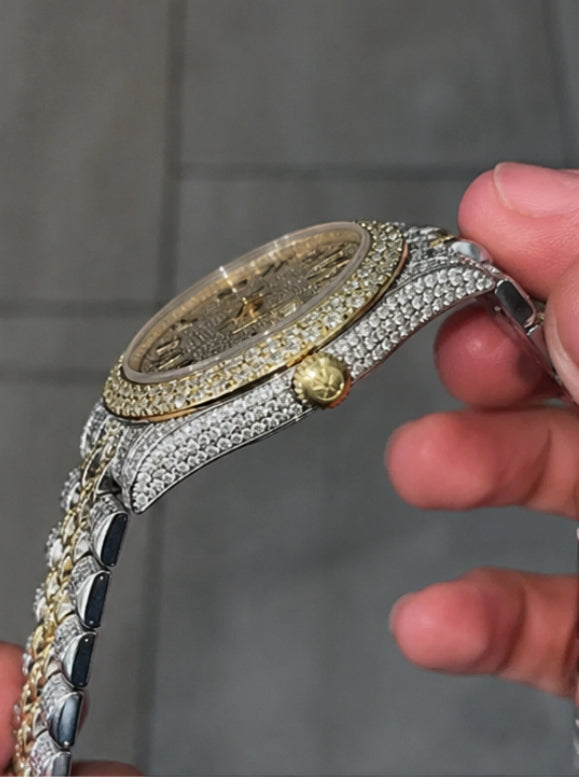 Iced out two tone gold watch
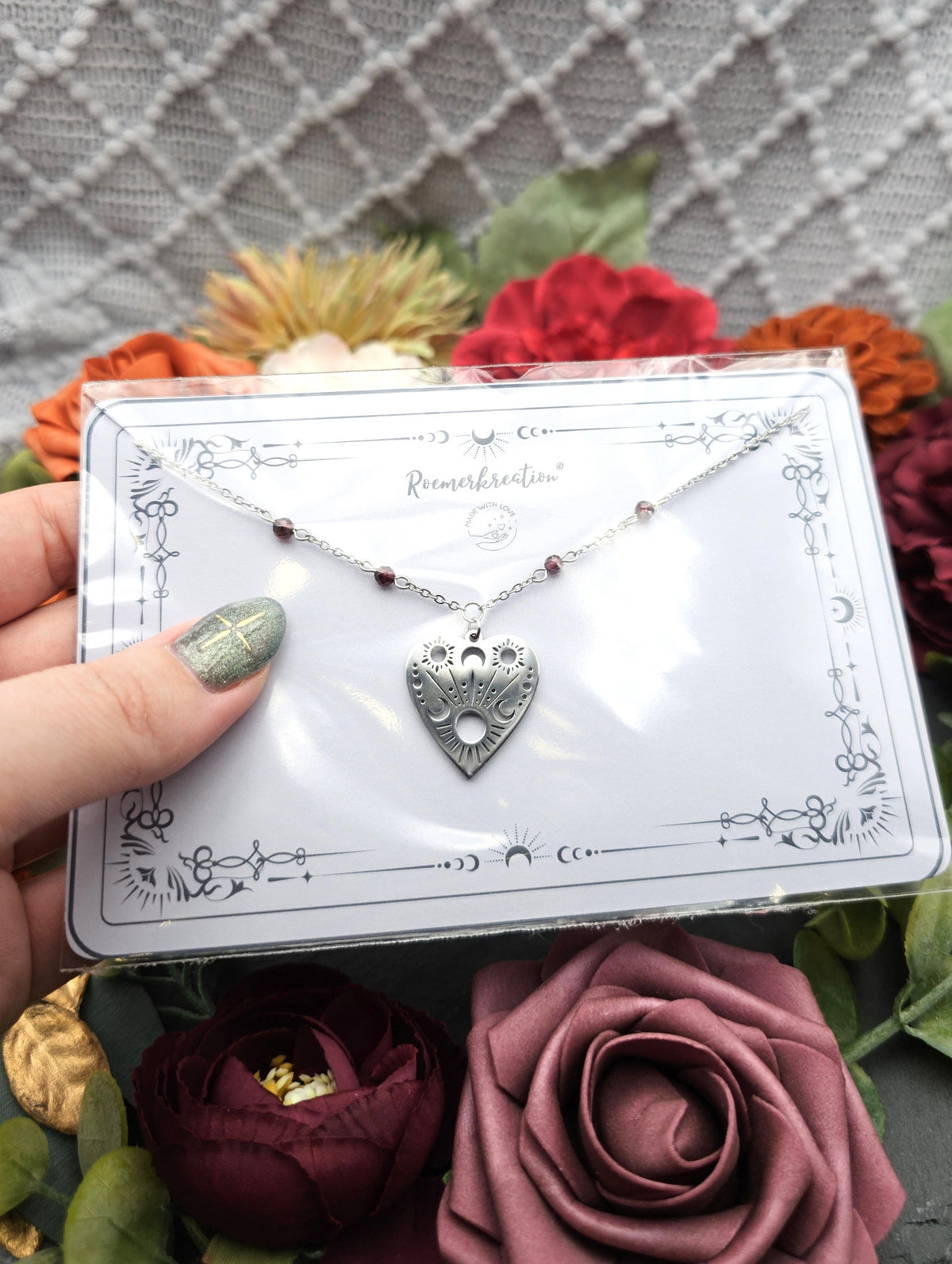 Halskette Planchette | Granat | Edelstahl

--

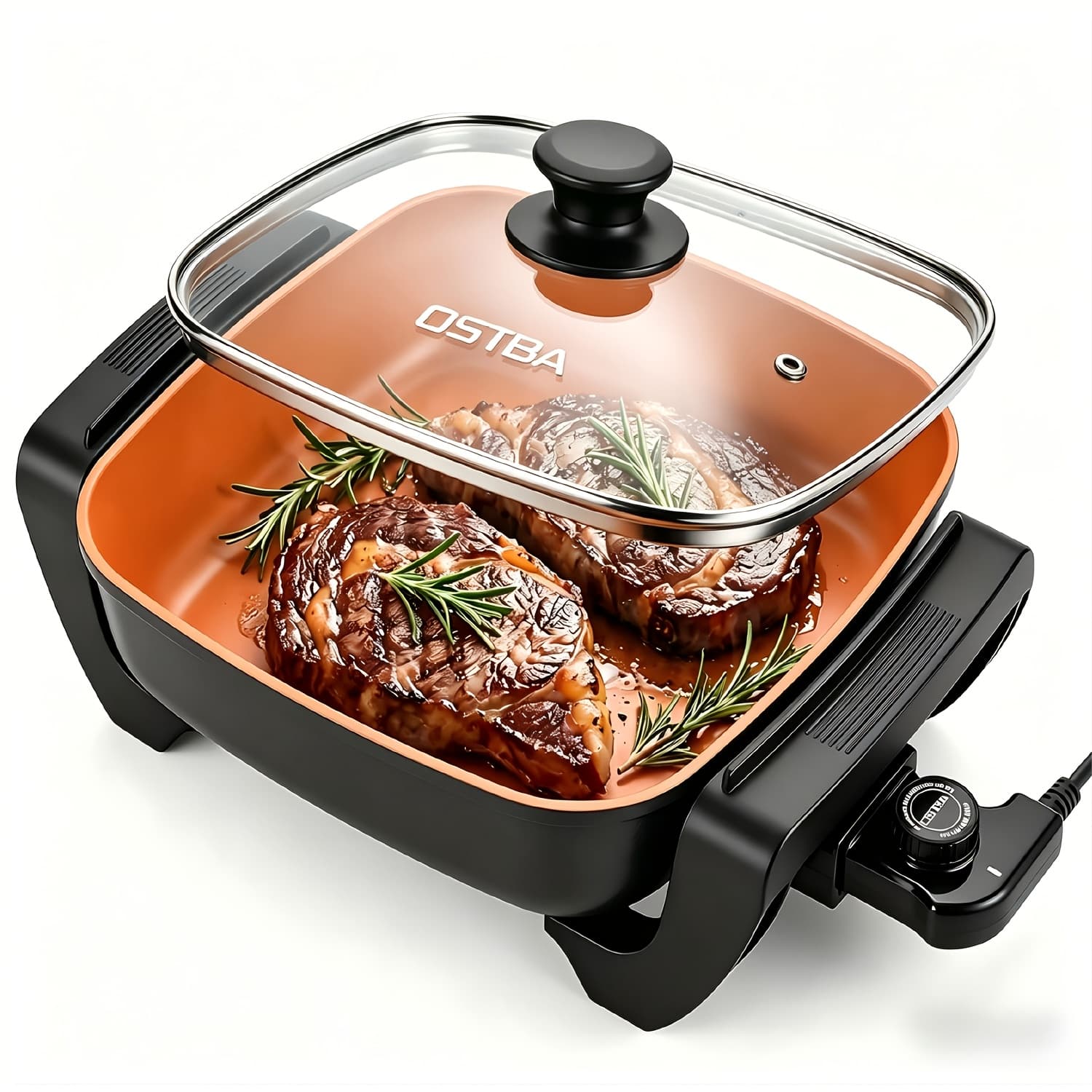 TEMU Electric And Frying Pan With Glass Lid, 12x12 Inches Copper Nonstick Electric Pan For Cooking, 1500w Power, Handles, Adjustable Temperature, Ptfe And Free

→ **The task**:
Print everything from the line with "Iced out two tone gold watch" down to the line with "Halskette Planchette | Granat | Edelstahl" in the entries above, both lines included and nothing more, without the pictures.

→ **Answer for the task**:
 Iced out two tone gold watch
 Halskette Planchette | Granat | Edelstahl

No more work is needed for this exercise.